Emslie terminou em segundo lugar, com o paulista Renato Galvão ficando em terceiro e o bicampeão brasileiro Leonardo Neves terminando com a quarta colocação, entre os 136 surfistas de onze paises que participaram da terceira etapa do World Qualifying Series (WQS).

O próximo confronto será no Havaí, onde estarão em jogo os mesmos US$ 75 mil e 1.500 pontos oferecidos nas duas provas seguidas também com nível 4 estrelas realizadas em Fernando de Noronha (PE) e em Torres (RS).

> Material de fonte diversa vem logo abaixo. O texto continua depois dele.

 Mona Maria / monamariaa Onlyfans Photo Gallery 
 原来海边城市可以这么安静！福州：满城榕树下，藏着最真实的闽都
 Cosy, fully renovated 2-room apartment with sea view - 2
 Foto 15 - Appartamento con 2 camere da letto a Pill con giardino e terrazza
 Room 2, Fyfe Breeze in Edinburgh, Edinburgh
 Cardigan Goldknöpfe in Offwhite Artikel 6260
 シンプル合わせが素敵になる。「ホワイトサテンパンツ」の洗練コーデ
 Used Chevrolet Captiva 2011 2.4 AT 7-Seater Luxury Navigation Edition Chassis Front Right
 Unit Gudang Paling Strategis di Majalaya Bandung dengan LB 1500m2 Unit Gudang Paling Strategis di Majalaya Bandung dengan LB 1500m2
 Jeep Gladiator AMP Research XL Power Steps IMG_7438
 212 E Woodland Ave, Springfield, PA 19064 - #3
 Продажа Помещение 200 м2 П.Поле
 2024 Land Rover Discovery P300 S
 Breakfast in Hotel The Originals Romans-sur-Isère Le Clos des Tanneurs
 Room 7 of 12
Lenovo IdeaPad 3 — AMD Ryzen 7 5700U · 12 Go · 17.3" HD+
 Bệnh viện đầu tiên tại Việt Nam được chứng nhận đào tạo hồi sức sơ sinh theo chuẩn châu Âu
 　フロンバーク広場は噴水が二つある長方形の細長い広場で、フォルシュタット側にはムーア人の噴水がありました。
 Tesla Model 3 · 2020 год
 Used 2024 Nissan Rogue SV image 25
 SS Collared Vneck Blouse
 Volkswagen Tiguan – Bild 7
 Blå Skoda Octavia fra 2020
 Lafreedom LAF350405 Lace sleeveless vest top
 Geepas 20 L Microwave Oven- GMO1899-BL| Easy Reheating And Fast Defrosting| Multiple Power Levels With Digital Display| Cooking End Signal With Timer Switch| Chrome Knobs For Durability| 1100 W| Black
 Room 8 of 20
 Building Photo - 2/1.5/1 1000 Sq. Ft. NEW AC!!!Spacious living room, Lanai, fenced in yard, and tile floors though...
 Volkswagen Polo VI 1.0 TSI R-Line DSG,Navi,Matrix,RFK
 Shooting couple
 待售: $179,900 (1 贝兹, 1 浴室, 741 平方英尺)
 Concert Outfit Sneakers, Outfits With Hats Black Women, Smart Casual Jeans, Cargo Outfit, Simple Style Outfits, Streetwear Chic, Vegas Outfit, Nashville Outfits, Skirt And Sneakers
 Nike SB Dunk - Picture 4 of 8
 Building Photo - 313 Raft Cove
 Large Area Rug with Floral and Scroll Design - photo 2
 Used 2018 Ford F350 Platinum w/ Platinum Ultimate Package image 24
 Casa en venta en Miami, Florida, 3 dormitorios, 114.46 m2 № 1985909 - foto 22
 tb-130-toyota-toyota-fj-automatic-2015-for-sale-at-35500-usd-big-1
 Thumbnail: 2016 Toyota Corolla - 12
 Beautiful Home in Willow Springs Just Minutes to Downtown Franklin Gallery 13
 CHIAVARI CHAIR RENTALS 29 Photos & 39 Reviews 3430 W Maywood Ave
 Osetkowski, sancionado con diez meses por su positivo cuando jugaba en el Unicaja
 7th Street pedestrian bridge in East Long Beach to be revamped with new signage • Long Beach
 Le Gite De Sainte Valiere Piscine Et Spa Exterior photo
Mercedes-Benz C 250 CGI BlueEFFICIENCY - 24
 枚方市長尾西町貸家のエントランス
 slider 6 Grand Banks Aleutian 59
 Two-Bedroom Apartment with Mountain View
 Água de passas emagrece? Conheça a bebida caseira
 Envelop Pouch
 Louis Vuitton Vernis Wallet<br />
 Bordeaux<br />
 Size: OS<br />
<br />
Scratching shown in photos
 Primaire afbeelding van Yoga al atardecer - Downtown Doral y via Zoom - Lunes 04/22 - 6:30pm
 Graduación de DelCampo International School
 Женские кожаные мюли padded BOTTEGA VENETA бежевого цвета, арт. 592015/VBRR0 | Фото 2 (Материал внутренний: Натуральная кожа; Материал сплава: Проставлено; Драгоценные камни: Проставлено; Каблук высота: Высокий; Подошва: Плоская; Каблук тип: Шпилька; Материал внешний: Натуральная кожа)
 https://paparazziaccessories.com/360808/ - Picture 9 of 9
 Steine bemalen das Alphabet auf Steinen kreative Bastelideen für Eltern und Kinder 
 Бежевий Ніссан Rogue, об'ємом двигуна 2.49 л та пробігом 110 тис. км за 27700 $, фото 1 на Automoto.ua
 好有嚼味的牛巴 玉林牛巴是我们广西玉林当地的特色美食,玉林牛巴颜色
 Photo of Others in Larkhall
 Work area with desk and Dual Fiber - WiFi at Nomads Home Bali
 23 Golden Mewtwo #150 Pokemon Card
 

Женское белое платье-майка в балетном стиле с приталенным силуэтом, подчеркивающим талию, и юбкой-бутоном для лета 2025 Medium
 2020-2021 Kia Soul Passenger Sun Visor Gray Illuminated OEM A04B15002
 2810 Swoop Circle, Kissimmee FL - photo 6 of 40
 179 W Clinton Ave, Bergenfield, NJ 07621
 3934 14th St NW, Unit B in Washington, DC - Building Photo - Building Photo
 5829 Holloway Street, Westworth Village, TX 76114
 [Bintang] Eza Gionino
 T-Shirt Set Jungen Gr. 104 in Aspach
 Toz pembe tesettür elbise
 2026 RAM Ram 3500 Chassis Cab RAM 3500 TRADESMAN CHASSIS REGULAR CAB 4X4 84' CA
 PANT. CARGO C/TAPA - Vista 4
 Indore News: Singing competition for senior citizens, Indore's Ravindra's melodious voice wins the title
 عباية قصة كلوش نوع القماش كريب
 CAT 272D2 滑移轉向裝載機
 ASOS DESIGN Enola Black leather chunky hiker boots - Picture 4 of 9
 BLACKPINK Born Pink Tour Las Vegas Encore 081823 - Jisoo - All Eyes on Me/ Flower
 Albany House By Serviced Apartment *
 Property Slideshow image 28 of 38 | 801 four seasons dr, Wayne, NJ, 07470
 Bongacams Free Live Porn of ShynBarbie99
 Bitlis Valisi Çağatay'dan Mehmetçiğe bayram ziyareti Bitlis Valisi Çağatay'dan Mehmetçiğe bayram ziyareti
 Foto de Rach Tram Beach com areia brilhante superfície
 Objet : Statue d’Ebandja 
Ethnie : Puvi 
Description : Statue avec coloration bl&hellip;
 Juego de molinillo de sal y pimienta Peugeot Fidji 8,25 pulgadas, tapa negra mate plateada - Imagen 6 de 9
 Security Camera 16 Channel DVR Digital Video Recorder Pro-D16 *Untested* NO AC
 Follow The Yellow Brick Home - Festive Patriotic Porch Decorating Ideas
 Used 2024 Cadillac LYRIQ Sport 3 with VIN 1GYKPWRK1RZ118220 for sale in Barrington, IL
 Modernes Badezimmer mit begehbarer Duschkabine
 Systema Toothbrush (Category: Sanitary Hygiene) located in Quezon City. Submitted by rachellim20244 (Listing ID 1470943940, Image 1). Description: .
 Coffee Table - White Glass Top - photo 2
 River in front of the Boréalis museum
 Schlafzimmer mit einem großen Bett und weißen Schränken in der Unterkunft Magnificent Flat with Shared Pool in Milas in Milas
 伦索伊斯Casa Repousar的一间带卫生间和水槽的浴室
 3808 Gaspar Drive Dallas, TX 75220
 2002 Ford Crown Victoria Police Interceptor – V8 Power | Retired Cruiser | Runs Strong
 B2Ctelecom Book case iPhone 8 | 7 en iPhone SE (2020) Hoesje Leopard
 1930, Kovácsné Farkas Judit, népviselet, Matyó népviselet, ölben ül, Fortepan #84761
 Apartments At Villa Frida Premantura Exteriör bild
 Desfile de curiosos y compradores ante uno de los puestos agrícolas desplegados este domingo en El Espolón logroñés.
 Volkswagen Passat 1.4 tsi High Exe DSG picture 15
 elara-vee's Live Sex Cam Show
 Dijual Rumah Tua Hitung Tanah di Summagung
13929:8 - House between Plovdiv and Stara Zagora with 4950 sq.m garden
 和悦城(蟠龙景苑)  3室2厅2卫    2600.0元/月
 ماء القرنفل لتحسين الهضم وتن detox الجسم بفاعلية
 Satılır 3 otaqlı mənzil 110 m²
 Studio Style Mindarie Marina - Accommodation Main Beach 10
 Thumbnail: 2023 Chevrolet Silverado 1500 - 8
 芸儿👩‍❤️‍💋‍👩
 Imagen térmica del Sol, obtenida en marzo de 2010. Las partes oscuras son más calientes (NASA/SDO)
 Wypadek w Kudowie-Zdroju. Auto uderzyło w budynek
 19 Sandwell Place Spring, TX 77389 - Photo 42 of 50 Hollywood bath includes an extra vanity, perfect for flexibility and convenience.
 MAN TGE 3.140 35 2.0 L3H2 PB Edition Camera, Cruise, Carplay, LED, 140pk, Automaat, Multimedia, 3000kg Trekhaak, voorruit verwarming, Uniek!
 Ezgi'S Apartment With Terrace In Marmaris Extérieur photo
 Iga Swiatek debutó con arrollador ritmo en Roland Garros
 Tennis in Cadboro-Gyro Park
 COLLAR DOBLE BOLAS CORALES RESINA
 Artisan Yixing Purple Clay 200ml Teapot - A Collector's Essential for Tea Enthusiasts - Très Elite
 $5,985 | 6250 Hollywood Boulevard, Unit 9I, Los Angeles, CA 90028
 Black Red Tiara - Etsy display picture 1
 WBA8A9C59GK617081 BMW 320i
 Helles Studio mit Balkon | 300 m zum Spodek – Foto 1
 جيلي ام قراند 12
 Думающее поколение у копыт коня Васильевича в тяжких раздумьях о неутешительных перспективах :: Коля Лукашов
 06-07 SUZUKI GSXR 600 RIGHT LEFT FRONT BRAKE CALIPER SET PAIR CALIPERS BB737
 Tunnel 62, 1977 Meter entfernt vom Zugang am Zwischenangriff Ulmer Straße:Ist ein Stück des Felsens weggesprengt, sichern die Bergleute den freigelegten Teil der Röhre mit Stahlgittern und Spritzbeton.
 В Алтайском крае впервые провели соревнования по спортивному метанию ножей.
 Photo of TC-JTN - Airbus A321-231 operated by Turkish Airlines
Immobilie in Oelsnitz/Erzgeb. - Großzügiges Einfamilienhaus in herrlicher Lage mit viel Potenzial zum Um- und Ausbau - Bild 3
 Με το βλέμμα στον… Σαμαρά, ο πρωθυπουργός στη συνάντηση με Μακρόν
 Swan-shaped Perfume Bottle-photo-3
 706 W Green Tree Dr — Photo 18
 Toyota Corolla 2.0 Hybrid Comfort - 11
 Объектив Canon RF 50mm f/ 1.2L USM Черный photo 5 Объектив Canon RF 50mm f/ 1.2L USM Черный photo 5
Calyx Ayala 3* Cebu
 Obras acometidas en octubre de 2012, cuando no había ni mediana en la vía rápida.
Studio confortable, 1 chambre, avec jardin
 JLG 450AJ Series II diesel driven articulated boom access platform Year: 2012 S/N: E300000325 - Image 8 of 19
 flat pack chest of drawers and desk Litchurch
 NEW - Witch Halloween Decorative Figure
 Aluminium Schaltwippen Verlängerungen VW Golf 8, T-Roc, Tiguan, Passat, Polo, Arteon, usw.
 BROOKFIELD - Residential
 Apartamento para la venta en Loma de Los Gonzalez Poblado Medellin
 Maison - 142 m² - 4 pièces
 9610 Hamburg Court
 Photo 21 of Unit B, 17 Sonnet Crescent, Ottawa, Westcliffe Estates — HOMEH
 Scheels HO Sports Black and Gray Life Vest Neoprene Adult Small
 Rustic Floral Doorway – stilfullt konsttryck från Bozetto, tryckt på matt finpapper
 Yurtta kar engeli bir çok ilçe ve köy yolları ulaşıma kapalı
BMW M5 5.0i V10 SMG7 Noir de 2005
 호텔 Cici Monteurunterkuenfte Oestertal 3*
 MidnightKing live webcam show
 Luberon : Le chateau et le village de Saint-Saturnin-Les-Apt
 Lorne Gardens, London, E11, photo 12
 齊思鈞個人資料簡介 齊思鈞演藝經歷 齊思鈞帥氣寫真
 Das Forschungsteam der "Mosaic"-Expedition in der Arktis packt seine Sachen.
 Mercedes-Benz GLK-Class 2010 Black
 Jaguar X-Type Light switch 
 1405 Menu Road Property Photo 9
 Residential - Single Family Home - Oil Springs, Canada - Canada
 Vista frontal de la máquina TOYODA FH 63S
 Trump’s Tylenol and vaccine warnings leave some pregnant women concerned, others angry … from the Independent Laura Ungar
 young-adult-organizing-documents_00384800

“Poxa, não estou nem acreditando, porque a bateria foi muito difícil. As ondas deram uma baixada, o vento está muito forte e a correnteza estava casca-grossa, dificultando bastante o posicionamento dentro da água. Mas, graças a Deus consegui achar uma onda boa (nota 7,77) que me deu a vitória. Estou muito feliz”, falou Jihad Kohdr, depois de ser carregado nos ombros pela torcida. O título do Reef Classic 2004 lhe rendeu um prêmio de US$ 10 mil e 1.500 pontos que o levaram da qüinquagésima para a terceira posição no ranking do WQS, atrás apenas do campeão e vice da primeira prova da “perna brasileira” de verão em Fernando de Noronha, Warwick Wright (AFR) e Marcelo Nunes (RN), respectivamente.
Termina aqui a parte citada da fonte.